> **Assignment**:
Pictures aside, reproduce exactly and only the lines below, starting at the one containing "Magnetic Buckle Rhombus" and ending at the last line.

> **Supplied information**:
■ ■ ■ ■

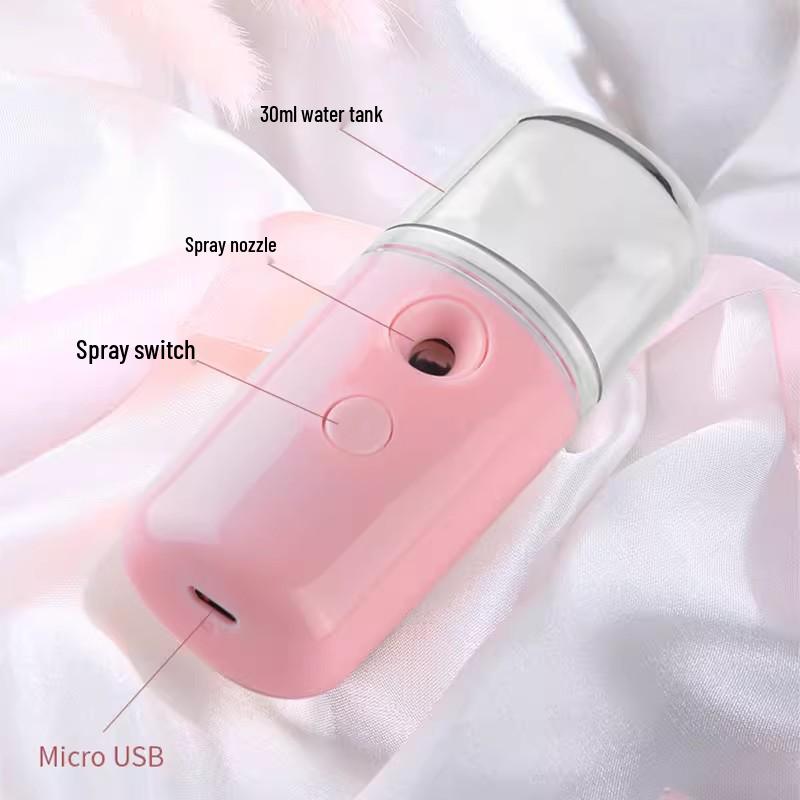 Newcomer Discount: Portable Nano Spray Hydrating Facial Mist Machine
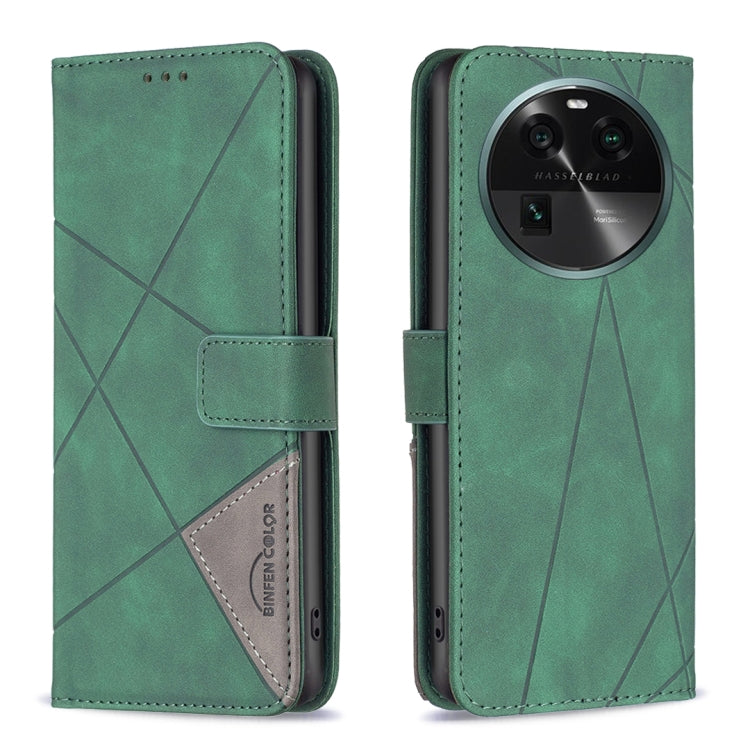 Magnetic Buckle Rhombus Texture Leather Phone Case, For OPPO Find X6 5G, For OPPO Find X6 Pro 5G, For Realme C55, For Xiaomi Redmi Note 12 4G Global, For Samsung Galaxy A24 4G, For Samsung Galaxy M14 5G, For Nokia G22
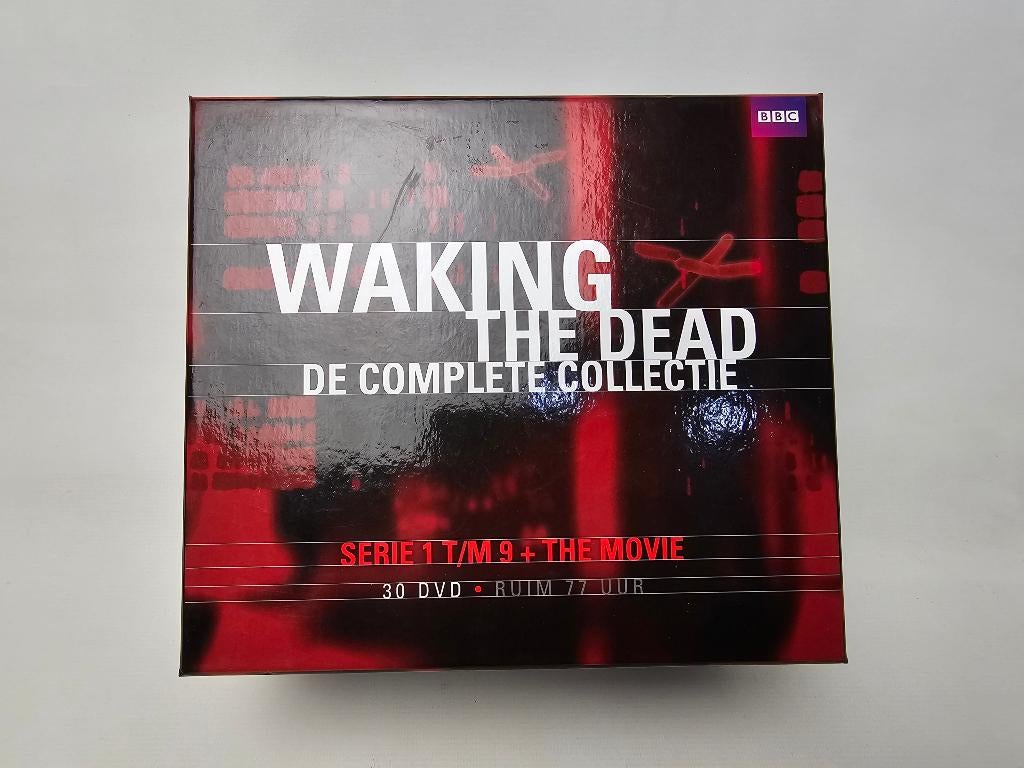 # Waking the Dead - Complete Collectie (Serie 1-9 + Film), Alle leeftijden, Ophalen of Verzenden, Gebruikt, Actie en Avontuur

■ ■ ■ ■

> **Expected answer**:
 Magnetic Buckle Rhombus Texture Leather Phone Case, For OPPO Find X6 5G, For OPPO Find X6 Pro 5G, For Realme C55, For Xiaomi Redmi Note 12 4G Global, For Samsung Galaxy A24 4G, For Samsung Galaxy M14 5G, For Nokia G22
 # Waking the Dead - Complete Collectie (Serie 1-9 + Film), Alle leeftijden, Ophalen of Verzenden, Gebruikt, Actie en Avontuur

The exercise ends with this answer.